Elena não conhece Fernanda, apesar das duas terem nascido no mesmo ano e na mesma cidade. A família de Elena não conseguia pagar o colégio em que Fernanda estudou. Na verdade, agora que ela precisava estudar em período integral, a família de Elena conseguiria pagar ainda menos coisas. Até então, todos contavam com a certeza de que ela começaria a trabalhar aos 14 anos e ajudaria a pagar as contas. Sabiam que não era o ideal, mas era o único jeito. Era, no passado, porque a tal da Medida Provisória pegou todo mundo de surpresa. De repente, só tinha ensino médio integral. Elena não poderia trabalhar de dia. Deram um jeito: a mãe arrumaria mais um emprego, e quando voltasse da escola, a menina cuidaria das tarefas de casa. E assim ela fez. Cuidou dos irmãos menores, fez as jantas, lavou as roupas, limpou a casa. Fez de tudo, só não conseguiu fazer suas lições de casa. Sua formatura foi um alívio para todos: agora poderia focar no que importava. Arrumou seu emprego, finalmente. A faculdade nem passou pela sua cabeça. Seu segundo grau completo (com diploma que atestava “formação técnica e profissional”) já bastava para ajudar em casa.

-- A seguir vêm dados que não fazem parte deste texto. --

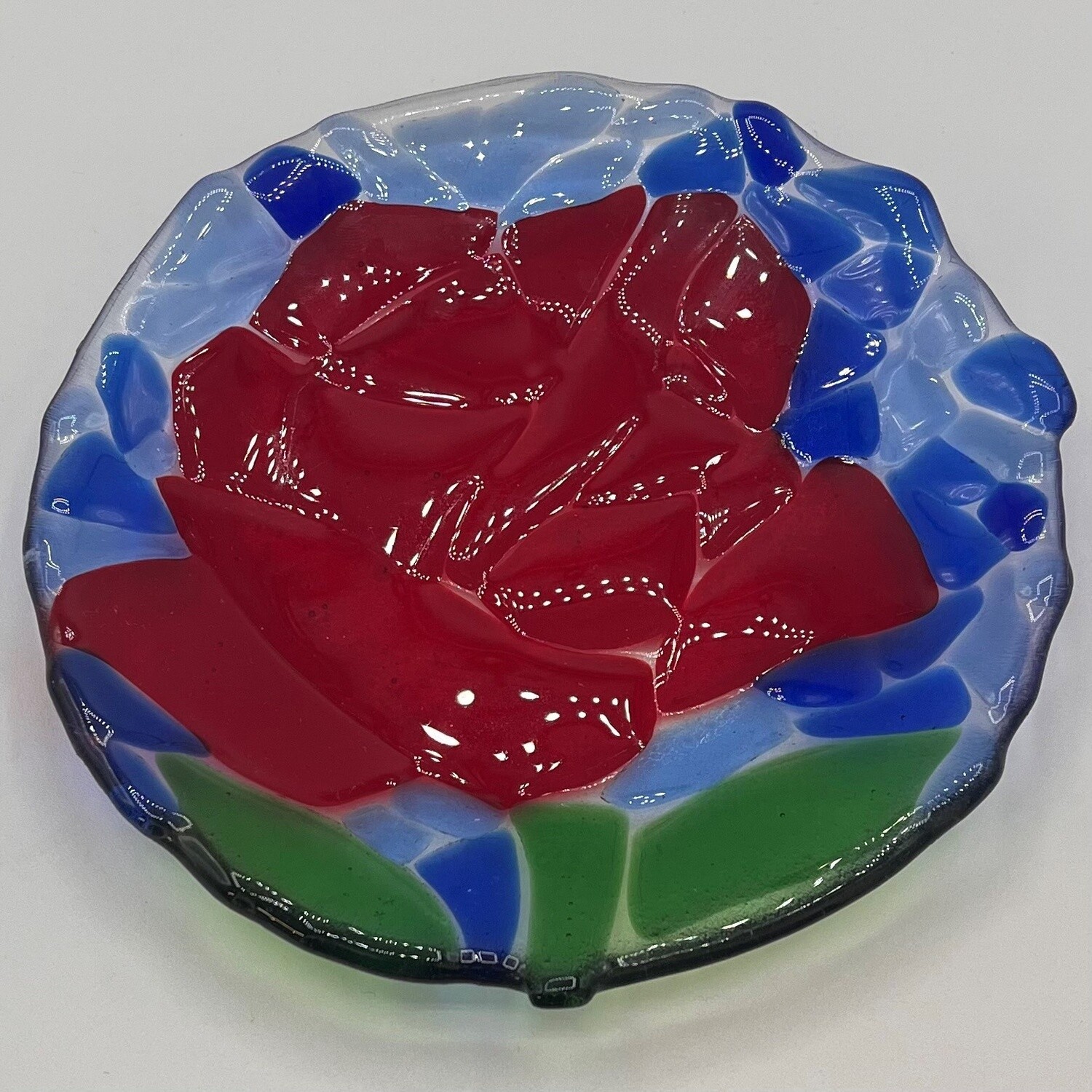 James Egan, Fused Glass Dish, Red Rose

Marcelo dá aula desde que se formou em filosofia, em 2003. Já foi professor do fundamental I (dava aula de “Convivência”), do fundamental II (aulas de “Ética e cidadania”), de cursinho (a aula que os alunos sempre matavam para estudar física, química…). Até que descobriu o que realmente gosta de fazer: dar aulas no Ensino Médio. Ele adorava acompanhar o crescimento dos alunos nos anos mais turbulentos de suas vidas. Sua maior felicidade era ver alunos que no primeiro ano desprezavam a filosofia se formarem bons debatedores e cidadãos ainda melhores. Quer dizer, até a reforma, claro. A partir de 2017, ele só deu aula para quem já se interessava pelo assunto. Os debates já não eram os mesmos – isso quando existiam. O colégio em que ele trabalhava na época optou por não incluir filosofia em seu currículo. Em sua procura por um novo emprego, até encontrou escolas que valorizavam a filosofia. Mas também encontrou vários outros candidatos para as vagas de professor. Candidatos que não tinham o diploma de licenciatura, mas afirmavam ter “notório saber” sobre o assunto. Candidatos que aceitaram fazer o mesmo trabalho que ele fazia, mas por um salário menor que o dele. Depois de um tempo, Marcelo decidiu voltar a dar aulas no ensino fundamental. Mas também já não era a mesma coisa: ao invés de Ética e Cidadania, agora ele precisava ensinar desde os sofistas até Foucault para as crianças.